‘Building community:' Touchstone Theatre's Festival UnBound tackles big issues through art
- Festival UnBound's five-day celebration takes a look at the housing crisis while showcasing homegrown talent
- There will also be several poetry, songwriting and dance workshops
- The mostly free festival runs from Wednesday, Sept. 27 through Sunday, Oct. 1
BETHLEHEM, Pa. — An interactive zoo-like performance that addresses the housing crisis is just one of many big issues presented at this year's Festival UnBound.
Two productions of "The Most Beautiful Home...Maybe" are part of this year's celebration of the arts that will run Wednesday, Sept. 27 through Sunday, Oct. 1.
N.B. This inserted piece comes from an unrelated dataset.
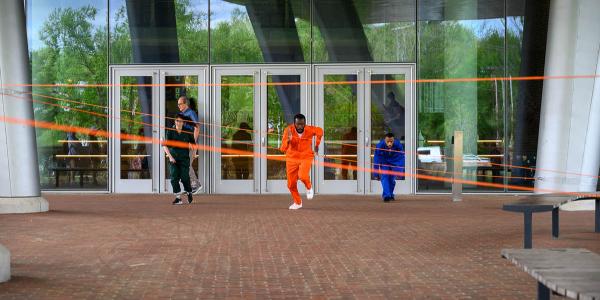 The people running toward the camera. Man in the middle is wearing an orange jumpsuit and there is orange tape serving as obstacles.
The five-day festival, organized by Touchstone Theatre, includes performances by the ensemble theatre, local artists and organizers, and acclaimed guest artists from the tri-state, including singer-songwriter Jesse Ruben.
Most events are free; some events require a ticket purchase.
Home sweet home?
"The Most Beautiful Home...Maybe" is modeled after the interactive show created by Los Angeles-based theater directors, Mark Valdez and Ashley Sparks.
Through game playing and audience participation, it tackles the issues of affordable housing and housing policy — both in the Lehigh Valley and in the U.S.
The production's main characters are a group of zany zebras who are dealing with their own crises — which helps the audience participate in an engaging and fun way, said Mary Wright, director of Festival UnBound.
The cast includes Touchstone's co-founder Bill George (Zebdrix), Angela Bey (Zebra), Thalia Eddy (Zendra), Ms. Latrice/Distinctly Unique (Ze-Nae) and Dominque Shelby (Zeb).
The event is free and will take place at 7 p.m. on Saturday and 1:30 p.m. on Sunday at the Ice House, 56 River St.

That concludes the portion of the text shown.